January 3, 2005

Can I Still Mock the "Lasers"?

Ok, so a story came out that DHS's latest superthreat was terrorist "lasers" that would be used to blind pilots and crash airliners. This warning was mocked by me. Then a series of rather scary headlines appear. I begin to feel rather bad over mocking our hardworking denizens of national security. But just when I'm about to embrace the fear-mongering, this timely article arrives from Salon's resident Pilot/Columnist:

Hitting two pilots squarely in the face through the refractive, wraparound windshield of a cockpit would be extremely difficult and entail a substantial amount of luck, and a temporarily or partially blinded crew would still have the means to stabilize a climbing or descending airplane. Surviving even a worst-case attack would be challenging, but not impossible.
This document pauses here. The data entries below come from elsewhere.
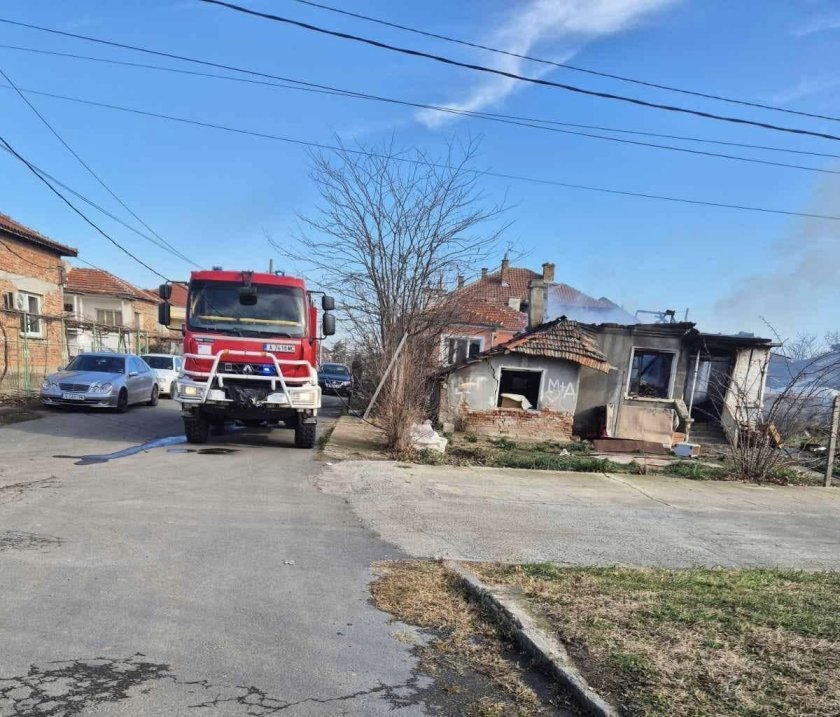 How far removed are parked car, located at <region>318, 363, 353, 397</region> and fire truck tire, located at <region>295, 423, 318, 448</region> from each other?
12.7 m

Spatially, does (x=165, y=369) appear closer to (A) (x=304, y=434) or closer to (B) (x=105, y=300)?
(A) (x=304, y=434)

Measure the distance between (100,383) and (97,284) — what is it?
2301 centimetres

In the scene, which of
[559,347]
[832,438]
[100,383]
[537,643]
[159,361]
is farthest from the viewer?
[159,361]

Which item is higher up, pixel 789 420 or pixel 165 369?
pixel 789 420

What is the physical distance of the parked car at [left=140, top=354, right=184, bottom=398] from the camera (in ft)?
65.4

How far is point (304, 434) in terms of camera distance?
10.8m

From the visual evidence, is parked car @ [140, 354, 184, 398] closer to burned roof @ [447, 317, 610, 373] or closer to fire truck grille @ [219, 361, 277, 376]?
burned roof @ [447, 317, 610, 373]

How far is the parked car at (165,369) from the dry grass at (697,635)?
17.9 metres

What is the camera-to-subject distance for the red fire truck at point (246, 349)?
32.0ft

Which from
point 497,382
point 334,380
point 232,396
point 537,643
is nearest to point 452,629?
point 537,643

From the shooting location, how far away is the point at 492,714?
8.87ft

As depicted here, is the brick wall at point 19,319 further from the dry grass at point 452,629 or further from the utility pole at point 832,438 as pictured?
the utility pole at point 832,438

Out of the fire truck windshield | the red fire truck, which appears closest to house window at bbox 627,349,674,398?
the red fire truck

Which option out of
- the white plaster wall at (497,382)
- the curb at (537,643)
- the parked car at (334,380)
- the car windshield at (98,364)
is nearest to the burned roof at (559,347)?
the white plaster wall at (497,382) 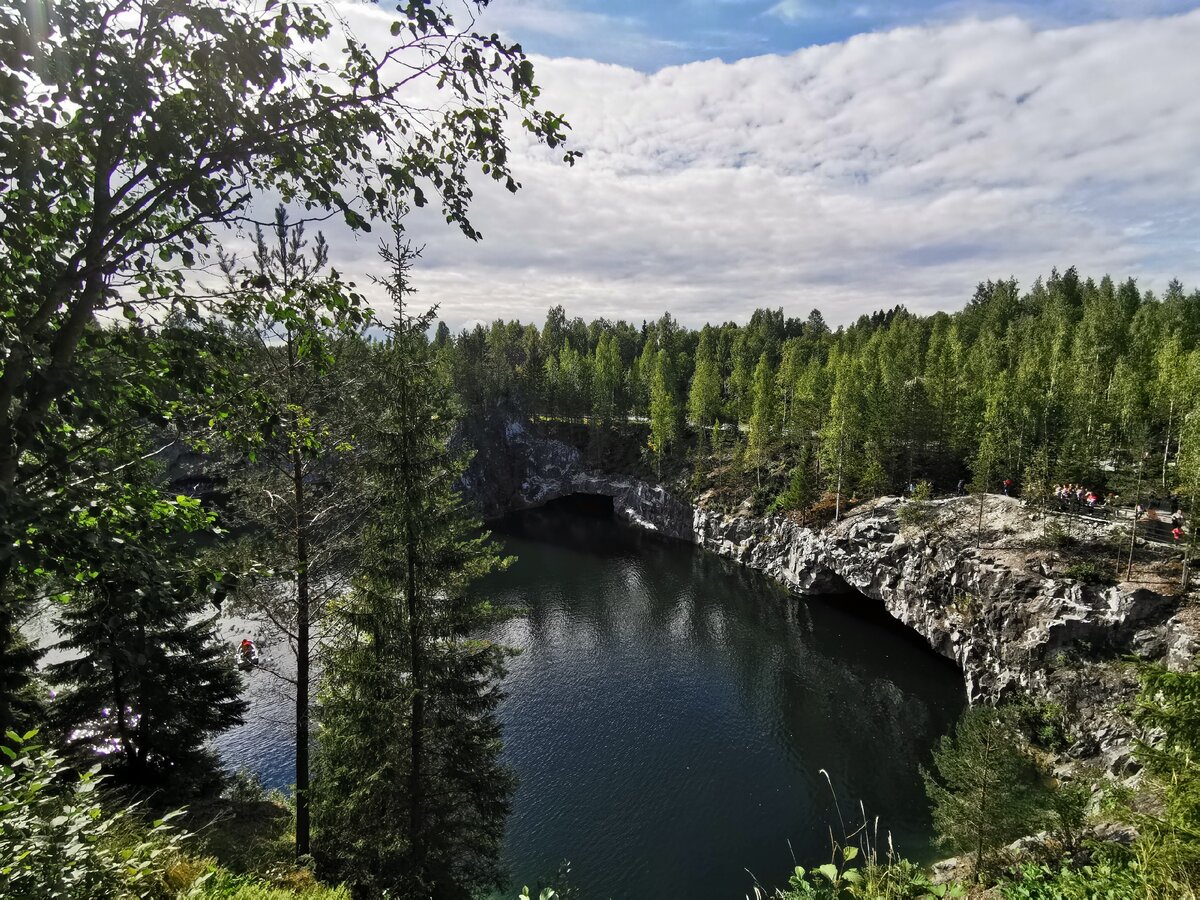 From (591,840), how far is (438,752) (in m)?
12.6

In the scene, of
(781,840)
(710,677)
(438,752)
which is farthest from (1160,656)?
(438,752)

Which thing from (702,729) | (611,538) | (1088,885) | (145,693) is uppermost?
(1088,885)

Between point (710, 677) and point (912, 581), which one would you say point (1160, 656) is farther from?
point (710, 677)

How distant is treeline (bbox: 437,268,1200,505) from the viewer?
3866 centimetres

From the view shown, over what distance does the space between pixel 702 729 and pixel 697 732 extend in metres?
0.43

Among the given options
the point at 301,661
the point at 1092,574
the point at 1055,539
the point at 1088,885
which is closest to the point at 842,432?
the point at 1055,539

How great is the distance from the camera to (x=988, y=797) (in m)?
17.6

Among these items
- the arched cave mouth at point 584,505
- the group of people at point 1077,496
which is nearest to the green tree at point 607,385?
the arched cave mouth at point 584,505

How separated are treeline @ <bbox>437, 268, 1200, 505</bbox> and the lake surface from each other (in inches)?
523

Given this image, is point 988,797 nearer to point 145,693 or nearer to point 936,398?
point 145,693

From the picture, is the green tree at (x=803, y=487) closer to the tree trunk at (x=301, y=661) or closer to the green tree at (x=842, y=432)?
the green tree at (x=842, y=432)

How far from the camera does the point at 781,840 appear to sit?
2291 cm

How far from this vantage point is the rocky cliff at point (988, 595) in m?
25.9

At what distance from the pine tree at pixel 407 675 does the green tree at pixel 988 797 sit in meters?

To accept the proposition that terrorists are behind these events is to assume that gangs of al-Qaida operatives are hunkered down in neighborhoods throughout America, openly risking capture in their attempts to test out obvious, traceable devices that even when used accurately are exceptionally unlikely to bring forth an accident. I submit that terrorists do not undertake operations with such high probabilities of exposure and failure. They have little to gain and everything to lose. With respect to bang for the buck, why waste time with lasers when you could hide in a patch of trees with an assault rifle and inflict greater damage?



I shall now resume mocking the terrorist "lasers."